# Task details:
Start at the line with "Două TIR-uri s-au" in the records below, stop at the line with "Xhilaration Tops - Sheer", and return every line in that span exactly, the two end lines included.

# Input data:
------

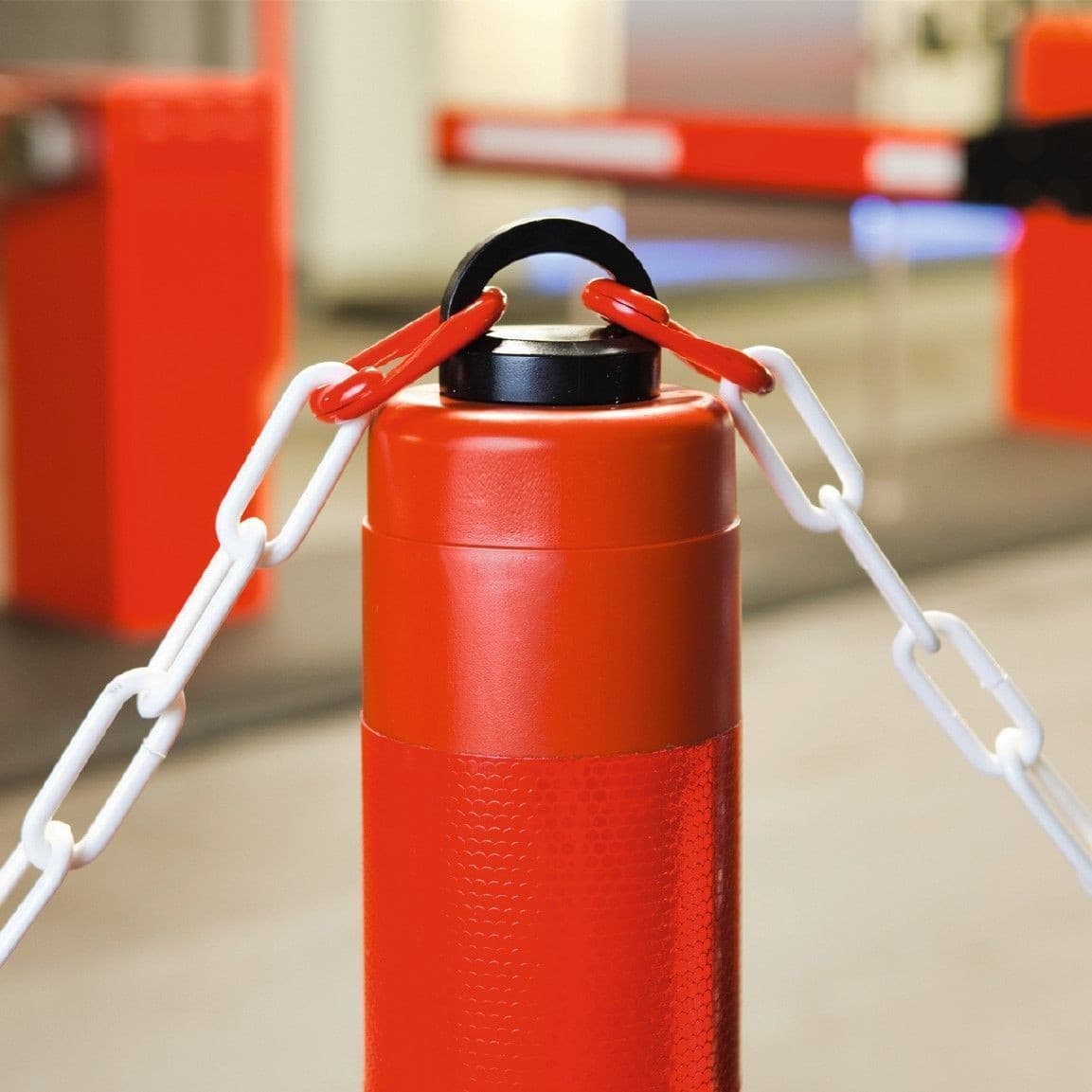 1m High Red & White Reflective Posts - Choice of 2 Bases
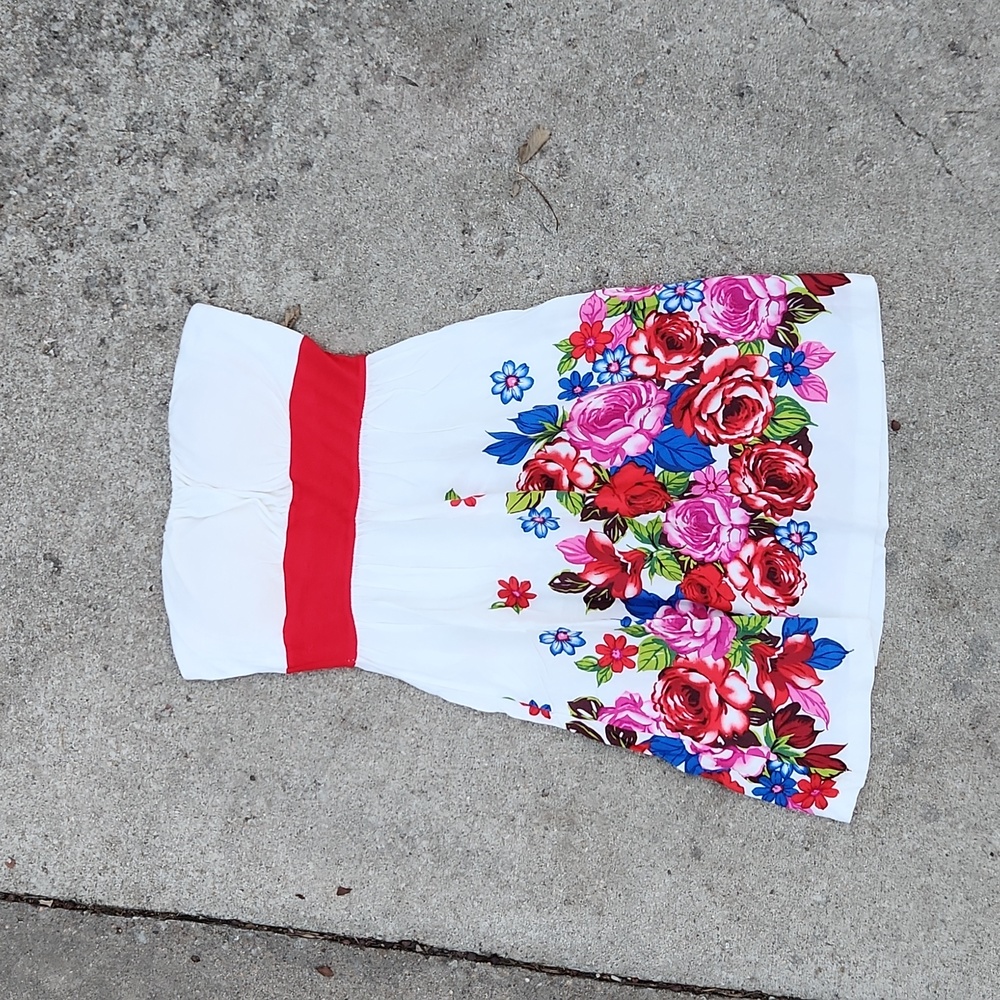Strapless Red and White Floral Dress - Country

------

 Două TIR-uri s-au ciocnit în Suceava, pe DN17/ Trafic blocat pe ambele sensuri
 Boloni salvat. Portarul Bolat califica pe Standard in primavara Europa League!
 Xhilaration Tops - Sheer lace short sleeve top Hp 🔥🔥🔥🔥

------

# Result for this exercise:
 Două TIR-uri s-au ciocnit în Suceava, pe DN17/ Trafic blocat pe ambele sensuri
 Boloni salvat. Portarul Bolat califica pe Standard in primavara Europa League!
 Xhilaration Tops - Sheer lace short sleeve top Hp 🔥🔥🔥🔥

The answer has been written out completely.